22. According to Mr Holbrook, the local authority's experience is that, too often, claimants' lawyers fail to observe these principles. More specifically, he submitted that there had been significant failures in the present case.

23. Initially, the local authority was minded to apply for an order that B's solicitors show cause as to why they should not pay the costs which, so Mr Holbrook asserted, had been thrown away by the adjournment on 9 February 2006. That adjournment was necessitated, he said, entirely by B's failure, despite repeated promptings from the local authority, to have amended grounds available for my consideration at that hearing. On reflection, however, the local authority decided not to pursue this application. I do not know, but I suspect this was more because of a realisation that the costs of the exercise might be disproportionate to the amount of the allegedly wasted costs than because of any very ready acceptance that there were no grounds for complaint.
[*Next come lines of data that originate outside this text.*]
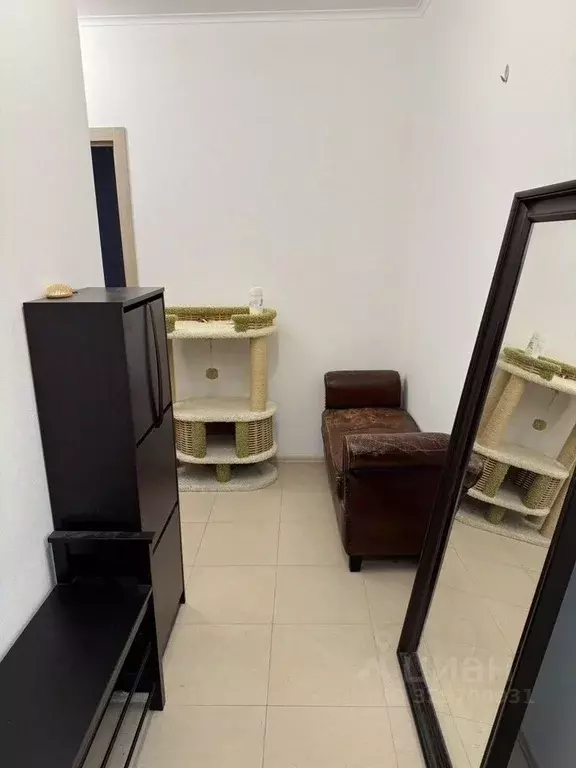 2-к кв. Москва Новочеремушкинская ул., 35 (68.0 м) - Фото 2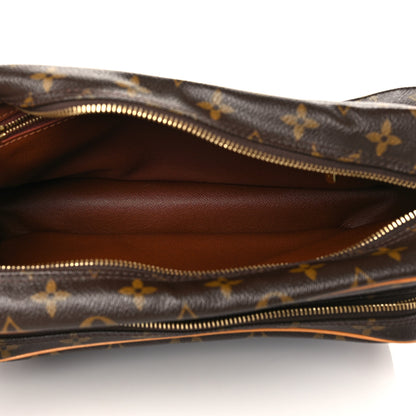 Louis Vuitton Monogram Nil 28 5 of 10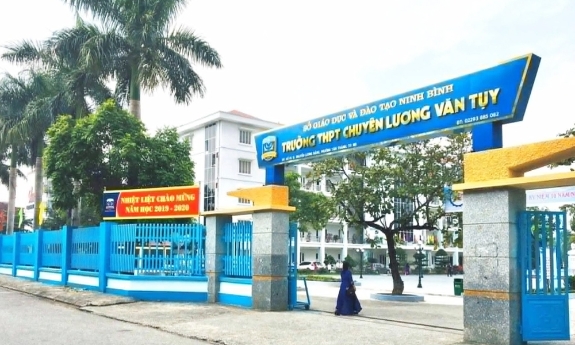 Bộ Giáo dục và Đào tạo: Giải nhất khoa học kỹ thuật không sao chép, đạo văn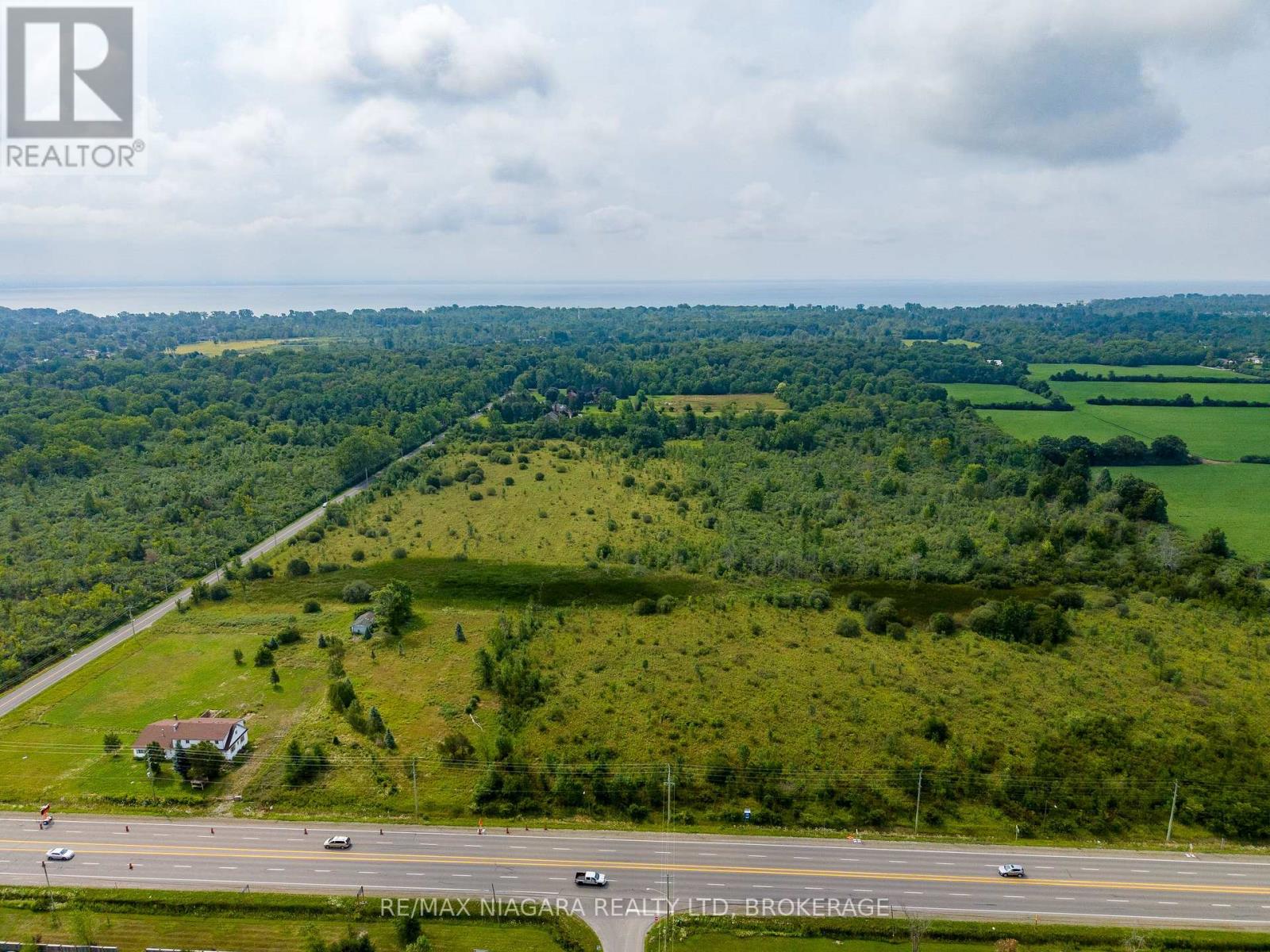 N/a Garrison Road, Fort Erie, Ontario  L2A 5M4 - Photo 1 - X13659250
24. However, the local authority did press for an order that B pay the costs of the proceedings. This was on the basis, so Mr Holbrook asserted, that the proceedings should never have been brought and that the draft amended grounds demonstrated the absence of any grounds capable of being considered in a judicial review. Since B is publicly funded, Mr Holbrook did not, of course, seek an unrestricted order. He contented himself with seeking an order for costs not to be enforced without the leave of the court.

25. There is, I am afraid, substance – all too much substance – in many of Mr Holbrook's complaints; both his complaints about the way in which too many cases of this type are pursued and his complaints about the way in which this particular case has been pursued.

26. This is yet another case exemplifying problems about which I have had to complain on too many occasions already. As I said in R (P, W, F and G) v Essex County Council [2004] EWHC 2027 (Admin) at paragraphs [30]-[31]:

"[30] The present litigation exemplifies a certain type of judicial review case which experience suggests can too often end up following a less than desirable course: I have in mind community care, housing and other cases involving either children or vulnerable adults, especially those where, as here, the first task of the local or other public authority is the preparation of an assessment.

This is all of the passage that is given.